Set down the full listing below word for word; pictures stay out of the copy.

★ ★ ★ ★ ★

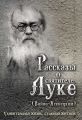 Рассказы о святителе Луке (Войно-Ясенецком). Удивительная жизнь, ставшая житием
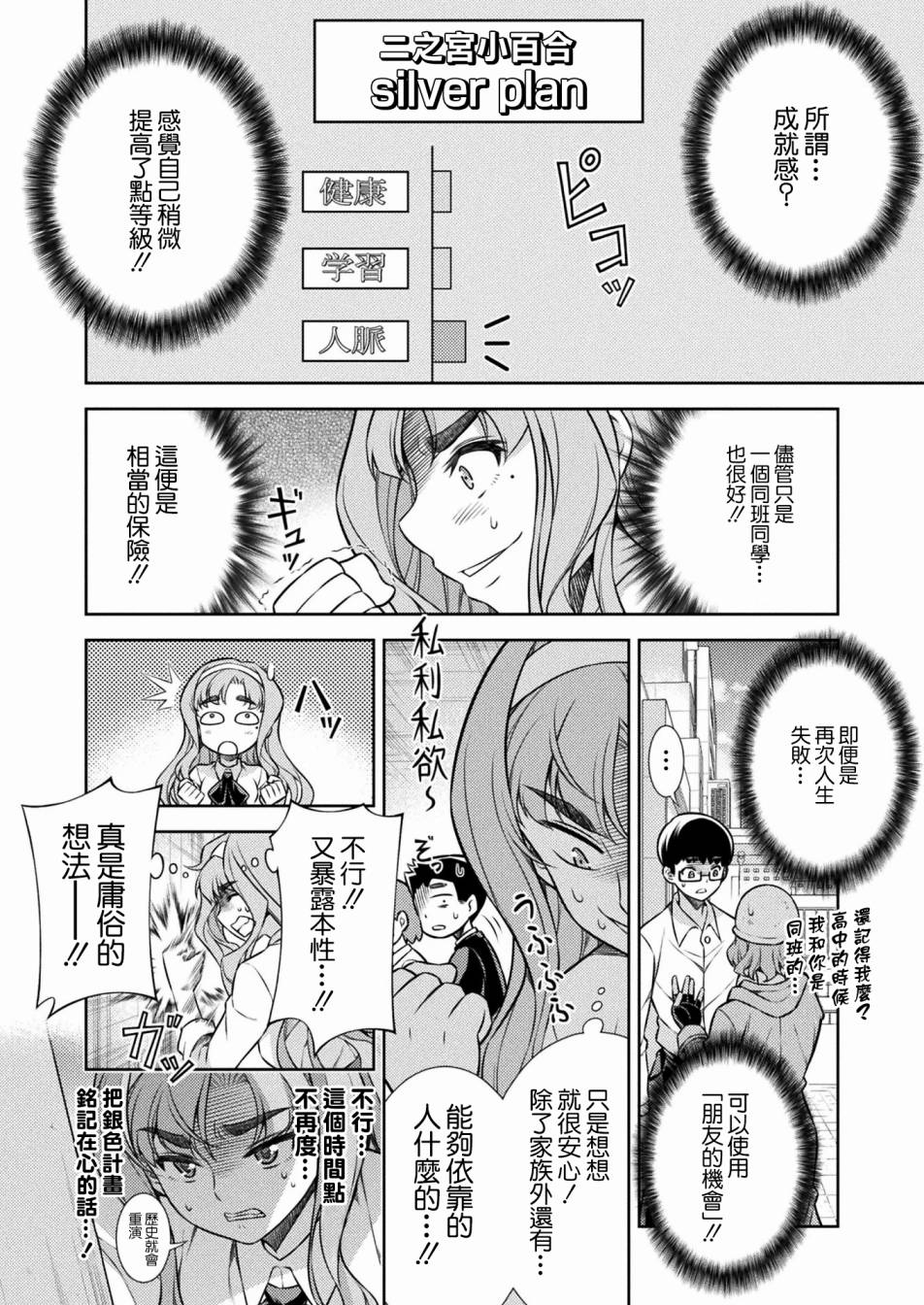 第5话27
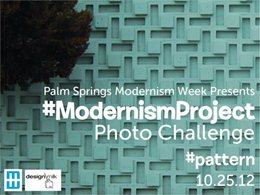 ModernismProject announces its second photo challenge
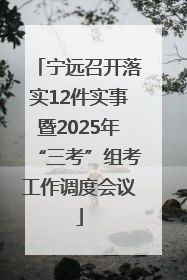 宁远召开落实12件实事暨2025年“三考”组考工作调度会议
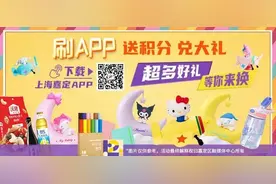如何快速通过电动自行车登记上牌查验？图片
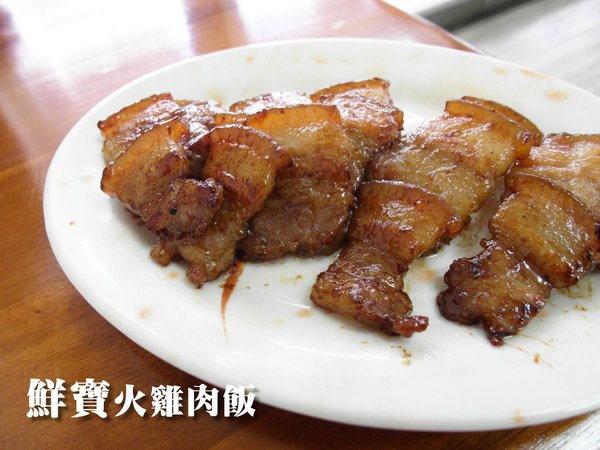 鮮寶火雞肉飯：【台南||東區】鮮寶火雞肉飯，日式醬汁～只有好吃沒有其他！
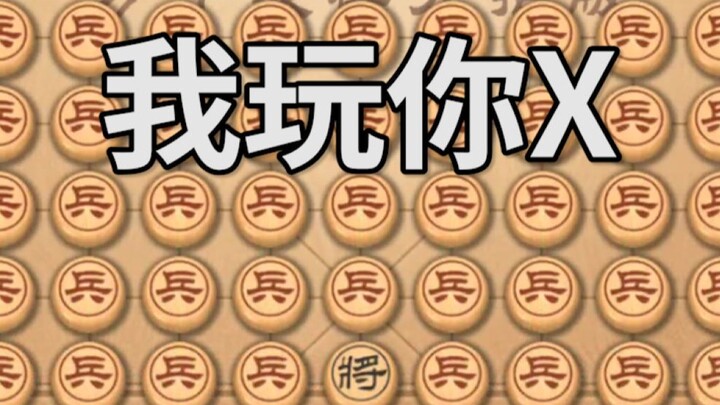 这是活生生把象棋完成了围棋啊！！！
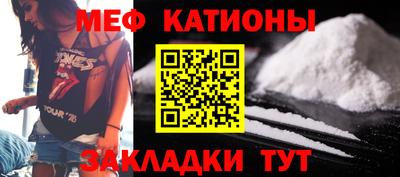 гидропоника Ливны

★ ★ ★ ★ ★

__Expected answer__.
 Рассказы о святителе Луке (Войно-Ясенецком). Удивительная жизнь, ставшая житием
 第5话27
 ModernismProject announces its second photo challenge
 宁远召开落实12件实事暨2025年“三考”组考工作调度会议
如何快速通过电动自行车登记上牌查验？图片
 鮮寶火雞肉飯：【台南||東區】鮮寶火雞肉飯，日式醬汁～只有好吃沒有其他！
 这是活生生把象棋完成了围棋啊！！！
 гидропоника Ливны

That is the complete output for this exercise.